BEGIN Records for the task

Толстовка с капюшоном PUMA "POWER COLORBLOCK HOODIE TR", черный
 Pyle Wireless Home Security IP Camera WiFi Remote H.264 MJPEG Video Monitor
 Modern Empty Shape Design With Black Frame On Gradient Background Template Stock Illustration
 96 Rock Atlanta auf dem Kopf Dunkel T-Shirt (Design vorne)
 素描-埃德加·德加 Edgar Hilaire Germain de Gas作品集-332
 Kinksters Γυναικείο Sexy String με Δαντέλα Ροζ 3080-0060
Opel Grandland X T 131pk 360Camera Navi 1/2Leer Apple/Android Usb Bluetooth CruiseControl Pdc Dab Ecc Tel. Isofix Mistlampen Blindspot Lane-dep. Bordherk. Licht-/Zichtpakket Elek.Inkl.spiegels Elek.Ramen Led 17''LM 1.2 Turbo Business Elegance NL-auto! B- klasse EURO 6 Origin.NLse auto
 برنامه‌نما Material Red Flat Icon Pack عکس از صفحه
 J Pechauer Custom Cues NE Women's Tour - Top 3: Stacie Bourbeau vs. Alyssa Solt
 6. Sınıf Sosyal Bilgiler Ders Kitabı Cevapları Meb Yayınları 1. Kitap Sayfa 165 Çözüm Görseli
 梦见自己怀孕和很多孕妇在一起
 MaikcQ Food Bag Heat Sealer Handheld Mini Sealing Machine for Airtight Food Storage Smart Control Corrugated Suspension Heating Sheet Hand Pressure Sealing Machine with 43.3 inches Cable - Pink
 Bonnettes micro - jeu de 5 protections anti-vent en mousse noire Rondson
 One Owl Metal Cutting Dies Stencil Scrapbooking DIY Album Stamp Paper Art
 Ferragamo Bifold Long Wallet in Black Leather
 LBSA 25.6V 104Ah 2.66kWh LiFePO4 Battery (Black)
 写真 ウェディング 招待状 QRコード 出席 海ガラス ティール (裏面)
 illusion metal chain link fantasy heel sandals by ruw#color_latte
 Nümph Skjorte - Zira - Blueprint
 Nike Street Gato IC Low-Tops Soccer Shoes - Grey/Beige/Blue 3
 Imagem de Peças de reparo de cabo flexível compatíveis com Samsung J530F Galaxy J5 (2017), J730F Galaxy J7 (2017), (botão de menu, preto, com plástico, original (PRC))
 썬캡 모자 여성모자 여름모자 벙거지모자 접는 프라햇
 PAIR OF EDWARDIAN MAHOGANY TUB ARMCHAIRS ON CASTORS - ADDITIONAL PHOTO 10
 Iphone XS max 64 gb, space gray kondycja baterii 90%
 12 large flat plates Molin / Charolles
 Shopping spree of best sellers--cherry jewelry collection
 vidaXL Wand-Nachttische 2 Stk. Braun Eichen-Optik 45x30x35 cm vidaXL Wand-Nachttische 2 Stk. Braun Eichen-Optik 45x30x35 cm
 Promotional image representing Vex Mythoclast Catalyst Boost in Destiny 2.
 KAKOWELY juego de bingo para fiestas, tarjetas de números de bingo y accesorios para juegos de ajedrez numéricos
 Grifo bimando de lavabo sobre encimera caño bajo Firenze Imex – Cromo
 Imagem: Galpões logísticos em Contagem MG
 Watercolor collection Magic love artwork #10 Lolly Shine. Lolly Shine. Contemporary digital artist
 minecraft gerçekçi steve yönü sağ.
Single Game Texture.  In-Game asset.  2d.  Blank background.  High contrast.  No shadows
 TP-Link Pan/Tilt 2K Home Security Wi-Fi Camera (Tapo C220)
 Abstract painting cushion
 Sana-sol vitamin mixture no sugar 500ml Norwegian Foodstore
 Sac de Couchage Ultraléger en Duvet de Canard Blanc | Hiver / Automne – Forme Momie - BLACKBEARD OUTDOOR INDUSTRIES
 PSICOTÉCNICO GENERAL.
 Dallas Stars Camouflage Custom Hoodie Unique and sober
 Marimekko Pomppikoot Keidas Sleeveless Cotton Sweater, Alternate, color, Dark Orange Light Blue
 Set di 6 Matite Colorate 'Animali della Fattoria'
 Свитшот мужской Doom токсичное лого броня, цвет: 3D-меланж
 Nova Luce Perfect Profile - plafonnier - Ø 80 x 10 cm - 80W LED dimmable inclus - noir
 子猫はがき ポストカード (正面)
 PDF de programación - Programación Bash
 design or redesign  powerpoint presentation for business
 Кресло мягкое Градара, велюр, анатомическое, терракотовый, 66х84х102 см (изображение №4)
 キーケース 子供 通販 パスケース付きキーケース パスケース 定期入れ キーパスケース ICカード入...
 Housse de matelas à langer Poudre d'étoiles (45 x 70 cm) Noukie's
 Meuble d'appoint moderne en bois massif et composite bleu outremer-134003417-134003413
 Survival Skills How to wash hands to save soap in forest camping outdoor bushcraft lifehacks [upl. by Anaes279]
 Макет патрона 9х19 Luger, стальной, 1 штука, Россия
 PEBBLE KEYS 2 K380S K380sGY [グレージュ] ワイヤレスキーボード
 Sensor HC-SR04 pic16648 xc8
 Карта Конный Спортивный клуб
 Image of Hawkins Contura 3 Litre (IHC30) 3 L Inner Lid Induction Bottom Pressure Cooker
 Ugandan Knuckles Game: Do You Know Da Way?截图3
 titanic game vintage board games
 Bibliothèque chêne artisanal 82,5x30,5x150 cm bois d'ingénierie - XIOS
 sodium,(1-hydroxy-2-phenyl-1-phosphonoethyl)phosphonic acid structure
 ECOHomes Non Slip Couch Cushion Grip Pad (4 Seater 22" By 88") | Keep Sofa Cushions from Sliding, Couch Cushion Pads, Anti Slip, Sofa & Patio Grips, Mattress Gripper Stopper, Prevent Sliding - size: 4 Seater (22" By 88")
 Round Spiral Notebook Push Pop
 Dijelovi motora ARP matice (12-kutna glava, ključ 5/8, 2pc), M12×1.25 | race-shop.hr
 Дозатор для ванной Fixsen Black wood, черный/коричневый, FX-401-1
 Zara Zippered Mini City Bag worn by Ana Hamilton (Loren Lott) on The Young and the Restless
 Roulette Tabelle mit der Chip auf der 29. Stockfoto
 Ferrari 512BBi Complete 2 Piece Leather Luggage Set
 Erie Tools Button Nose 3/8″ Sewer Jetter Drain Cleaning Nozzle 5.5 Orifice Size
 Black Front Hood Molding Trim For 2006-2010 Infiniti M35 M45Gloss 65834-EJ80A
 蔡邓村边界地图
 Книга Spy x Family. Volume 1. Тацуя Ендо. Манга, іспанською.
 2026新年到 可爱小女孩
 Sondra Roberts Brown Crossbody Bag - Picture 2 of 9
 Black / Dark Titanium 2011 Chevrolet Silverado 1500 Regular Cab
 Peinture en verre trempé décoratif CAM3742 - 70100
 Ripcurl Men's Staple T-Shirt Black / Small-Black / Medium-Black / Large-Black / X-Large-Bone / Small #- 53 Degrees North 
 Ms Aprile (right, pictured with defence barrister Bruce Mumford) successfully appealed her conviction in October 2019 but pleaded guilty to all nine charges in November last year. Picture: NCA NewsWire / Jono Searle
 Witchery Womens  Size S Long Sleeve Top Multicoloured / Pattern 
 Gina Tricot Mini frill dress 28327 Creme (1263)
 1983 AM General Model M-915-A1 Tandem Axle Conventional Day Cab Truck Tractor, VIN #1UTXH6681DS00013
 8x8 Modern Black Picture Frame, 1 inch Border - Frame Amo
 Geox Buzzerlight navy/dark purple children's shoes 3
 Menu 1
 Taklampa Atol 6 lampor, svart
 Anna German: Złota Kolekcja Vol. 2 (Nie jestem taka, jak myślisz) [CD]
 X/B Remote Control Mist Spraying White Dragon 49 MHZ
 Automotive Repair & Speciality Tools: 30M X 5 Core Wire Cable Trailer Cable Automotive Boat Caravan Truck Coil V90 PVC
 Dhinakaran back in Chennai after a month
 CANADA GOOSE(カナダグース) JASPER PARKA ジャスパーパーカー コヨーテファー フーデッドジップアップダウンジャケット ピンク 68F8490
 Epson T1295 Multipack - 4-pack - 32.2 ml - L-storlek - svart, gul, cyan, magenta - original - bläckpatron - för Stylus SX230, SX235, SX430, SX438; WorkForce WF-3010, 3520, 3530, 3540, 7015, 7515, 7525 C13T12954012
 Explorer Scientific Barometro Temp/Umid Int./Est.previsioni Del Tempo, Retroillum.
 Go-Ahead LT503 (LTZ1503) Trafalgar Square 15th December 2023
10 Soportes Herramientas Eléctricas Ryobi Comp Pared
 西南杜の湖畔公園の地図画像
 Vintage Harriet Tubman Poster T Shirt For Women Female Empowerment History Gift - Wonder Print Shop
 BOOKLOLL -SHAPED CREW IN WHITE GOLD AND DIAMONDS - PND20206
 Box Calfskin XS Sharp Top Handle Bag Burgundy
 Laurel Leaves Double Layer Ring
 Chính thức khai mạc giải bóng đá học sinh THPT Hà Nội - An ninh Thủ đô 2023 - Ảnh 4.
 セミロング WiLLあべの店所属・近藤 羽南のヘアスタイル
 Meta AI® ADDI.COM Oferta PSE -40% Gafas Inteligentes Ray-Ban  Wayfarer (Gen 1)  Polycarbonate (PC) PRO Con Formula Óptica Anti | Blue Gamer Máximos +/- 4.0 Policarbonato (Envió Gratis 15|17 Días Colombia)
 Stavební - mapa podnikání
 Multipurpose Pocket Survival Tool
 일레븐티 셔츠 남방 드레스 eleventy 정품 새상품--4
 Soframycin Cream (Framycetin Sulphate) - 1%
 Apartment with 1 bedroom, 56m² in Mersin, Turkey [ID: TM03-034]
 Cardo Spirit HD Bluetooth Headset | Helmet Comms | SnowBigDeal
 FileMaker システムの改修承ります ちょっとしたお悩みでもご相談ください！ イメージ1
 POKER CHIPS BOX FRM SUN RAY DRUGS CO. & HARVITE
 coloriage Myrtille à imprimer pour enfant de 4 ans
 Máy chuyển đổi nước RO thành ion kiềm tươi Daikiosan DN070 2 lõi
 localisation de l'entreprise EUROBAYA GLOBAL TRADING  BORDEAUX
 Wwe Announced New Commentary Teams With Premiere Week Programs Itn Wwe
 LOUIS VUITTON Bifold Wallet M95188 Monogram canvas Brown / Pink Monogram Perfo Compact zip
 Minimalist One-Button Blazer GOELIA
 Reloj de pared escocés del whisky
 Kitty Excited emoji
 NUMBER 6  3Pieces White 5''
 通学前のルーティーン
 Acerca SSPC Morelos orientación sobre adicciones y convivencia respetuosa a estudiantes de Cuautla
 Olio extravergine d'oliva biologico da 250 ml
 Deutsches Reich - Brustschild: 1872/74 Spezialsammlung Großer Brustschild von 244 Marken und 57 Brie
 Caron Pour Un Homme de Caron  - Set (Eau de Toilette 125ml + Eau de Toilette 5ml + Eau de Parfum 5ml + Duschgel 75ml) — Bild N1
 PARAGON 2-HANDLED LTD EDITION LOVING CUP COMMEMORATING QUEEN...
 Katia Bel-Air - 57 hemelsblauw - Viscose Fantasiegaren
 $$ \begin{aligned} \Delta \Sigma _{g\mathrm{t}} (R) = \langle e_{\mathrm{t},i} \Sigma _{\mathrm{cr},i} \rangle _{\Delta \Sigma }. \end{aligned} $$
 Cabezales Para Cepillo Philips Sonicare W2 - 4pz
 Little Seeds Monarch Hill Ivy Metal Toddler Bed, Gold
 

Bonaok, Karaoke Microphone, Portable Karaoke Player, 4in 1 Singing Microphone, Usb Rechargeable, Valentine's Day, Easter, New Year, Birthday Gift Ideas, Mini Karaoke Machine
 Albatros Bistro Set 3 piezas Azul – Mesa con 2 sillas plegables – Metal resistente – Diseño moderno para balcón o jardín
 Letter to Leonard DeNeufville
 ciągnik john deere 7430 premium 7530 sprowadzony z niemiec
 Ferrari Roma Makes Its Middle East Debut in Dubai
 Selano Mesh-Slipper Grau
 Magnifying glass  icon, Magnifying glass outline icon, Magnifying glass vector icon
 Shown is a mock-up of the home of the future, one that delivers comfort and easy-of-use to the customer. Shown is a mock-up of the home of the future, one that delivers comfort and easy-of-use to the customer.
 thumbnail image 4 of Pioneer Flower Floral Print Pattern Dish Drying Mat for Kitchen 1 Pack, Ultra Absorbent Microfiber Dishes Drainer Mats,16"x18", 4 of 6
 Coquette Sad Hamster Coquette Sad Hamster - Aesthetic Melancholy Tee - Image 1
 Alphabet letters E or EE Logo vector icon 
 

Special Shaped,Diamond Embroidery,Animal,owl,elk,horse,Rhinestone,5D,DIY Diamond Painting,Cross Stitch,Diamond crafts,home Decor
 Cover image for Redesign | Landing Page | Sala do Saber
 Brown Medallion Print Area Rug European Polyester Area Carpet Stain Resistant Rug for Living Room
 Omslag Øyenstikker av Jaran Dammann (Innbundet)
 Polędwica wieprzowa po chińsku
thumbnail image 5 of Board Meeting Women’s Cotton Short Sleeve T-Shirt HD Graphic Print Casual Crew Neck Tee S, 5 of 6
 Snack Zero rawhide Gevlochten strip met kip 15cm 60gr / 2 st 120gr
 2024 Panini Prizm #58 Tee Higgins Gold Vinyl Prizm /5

END Records for the task

■ **Your goal**: Go through the data and show every line where "collection" occurs.

■ **Answer space**:
 Shopping spree of best sellers--cherry jewelry collection
 Watercolor collection Magic love artwork #10 Lolly Shine. Lolly Shine. Contemporary digital artist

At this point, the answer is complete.